Joost Vullings (NOS): ‘Politici komen niet op mijn verjaardag’
interview, gepubliceerd op 14 Sep 2017, door Sandrine Thelosen

Velen kennen hem inmiddels door de Formatievlog en zijn optredens bij Jinek. Maar eigenlijk is Joost Vullings (1970) vooral een radioman. De parlementair verslaggever doet een boekje open over zijn blik op de Haagse journalistiek.

Zijn dag begint ’s ochtends bij het NOS Radio 1 Journaal. Daar duidt hij de politieke situatie. De rest van de dag loopt hij rond op het Binnenhof, op zoek naar nieuws. Vullings komt in het Leidse café bij binnenkomst een collega-journalist tegen. ‘Hij schrijft een boek over populisme. Je moet hem ook interviewen.’

Noem je jezelf journalist?
‘Ja.’

Wat houdt dat in volgens jou?
‘Dat is een vrij beroep natuurlijk. Ik vind het heel lastig om dat te definiëren.’

Vind je jezelf controleur van de macht?
‘Ja, maar dat is gek genoeg niet waar ik primair elke dag mee bezig ben.’

Waar dan wel mee?
‘Iedereen is tegenwoordig druk. Al die mensen die aan het werk zijn, willen op gezette tijden weten wat er in Nederland en de wereld speelt. Er zijn mensen die hen helpen door er handzaam verslag van te doen. En daarbij ook nog wat duiding te geven hoe je dingen kan zien. Dat zie ik als mijn taak.’
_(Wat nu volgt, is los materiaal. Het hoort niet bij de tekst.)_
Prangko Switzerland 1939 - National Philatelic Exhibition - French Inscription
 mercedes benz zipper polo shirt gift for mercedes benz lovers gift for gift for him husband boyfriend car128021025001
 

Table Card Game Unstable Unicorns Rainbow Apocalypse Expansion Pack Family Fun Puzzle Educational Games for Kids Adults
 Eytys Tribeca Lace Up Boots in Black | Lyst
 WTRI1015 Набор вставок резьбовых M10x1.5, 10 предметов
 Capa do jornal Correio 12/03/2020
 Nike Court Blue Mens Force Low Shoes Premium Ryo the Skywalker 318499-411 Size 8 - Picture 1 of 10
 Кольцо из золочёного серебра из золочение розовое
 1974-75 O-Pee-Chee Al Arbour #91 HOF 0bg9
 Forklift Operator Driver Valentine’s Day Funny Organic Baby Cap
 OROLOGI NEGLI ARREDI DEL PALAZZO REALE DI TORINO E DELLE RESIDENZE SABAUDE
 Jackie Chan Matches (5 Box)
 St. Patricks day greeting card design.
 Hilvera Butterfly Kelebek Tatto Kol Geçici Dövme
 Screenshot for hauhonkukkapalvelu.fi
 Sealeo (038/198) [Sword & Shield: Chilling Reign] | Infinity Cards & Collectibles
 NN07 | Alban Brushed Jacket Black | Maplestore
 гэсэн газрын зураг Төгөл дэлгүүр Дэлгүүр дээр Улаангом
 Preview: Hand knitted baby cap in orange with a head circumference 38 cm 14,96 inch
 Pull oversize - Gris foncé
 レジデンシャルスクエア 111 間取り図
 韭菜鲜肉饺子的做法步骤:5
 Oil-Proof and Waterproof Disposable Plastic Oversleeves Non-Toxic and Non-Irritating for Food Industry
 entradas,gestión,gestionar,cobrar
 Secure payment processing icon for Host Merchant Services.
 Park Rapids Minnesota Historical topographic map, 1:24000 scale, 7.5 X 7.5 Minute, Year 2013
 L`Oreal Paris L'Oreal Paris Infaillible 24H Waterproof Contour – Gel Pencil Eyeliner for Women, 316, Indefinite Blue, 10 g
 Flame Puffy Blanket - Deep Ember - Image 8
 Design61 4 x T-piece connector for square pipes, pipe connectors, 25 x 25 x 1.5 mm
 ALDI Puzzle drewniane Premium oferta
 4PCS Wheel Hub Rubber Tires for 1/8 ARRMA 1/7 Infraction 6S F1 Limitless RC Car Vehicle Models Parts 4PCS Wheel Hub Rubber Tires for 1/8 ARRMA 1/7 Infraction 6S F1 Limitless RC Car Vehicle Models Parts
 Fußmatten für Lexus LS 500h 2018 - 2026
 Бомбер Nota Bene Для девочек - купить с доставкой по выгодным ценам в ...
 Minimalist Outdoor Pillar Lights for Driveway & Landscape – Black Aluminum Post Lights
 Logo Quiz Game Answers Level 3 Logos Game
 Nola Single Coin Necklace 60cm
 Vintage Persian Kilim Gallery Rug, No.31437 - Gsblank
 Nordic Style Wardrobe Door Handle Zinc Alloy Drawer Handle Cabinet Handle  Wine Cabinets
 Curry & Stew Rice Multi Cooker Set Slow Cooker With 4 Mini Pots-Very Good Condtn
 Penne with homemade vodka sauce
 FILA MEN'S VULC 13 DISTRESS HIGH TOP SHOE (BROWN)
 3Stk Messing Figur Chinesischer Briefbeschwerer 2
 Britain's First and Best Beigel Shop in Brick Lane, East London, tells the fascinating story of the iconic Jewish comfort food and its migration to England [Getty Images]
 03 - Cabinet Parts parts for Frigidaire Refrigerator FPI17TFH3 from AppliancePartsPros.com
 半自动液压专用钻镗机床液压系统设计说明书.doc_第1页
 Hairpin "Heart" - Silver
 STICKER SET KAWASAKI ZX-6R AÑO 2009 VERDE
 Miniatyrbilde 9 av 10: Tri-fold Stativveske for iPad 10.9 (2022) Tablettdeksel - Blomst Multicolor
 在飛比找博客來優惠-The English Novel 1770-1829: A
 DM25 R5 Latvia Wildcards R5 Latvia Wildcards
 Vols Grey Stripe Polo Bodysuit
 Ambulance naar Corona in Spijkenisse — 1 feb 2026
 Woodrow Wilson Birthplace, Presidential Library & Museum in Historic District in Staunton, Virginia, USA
‘Natuurlijk ben je ook controleur van de macht. In de meeste journalistieke producties is er geen sprake van het controleren van de macht. Dat is helemaal niet erg, want mensen zijn blij met wat ze lezen, wat ze zien en wat ze horen. Dus ik heb er altijd moeite mee als mensen dat op nummer één zetten.’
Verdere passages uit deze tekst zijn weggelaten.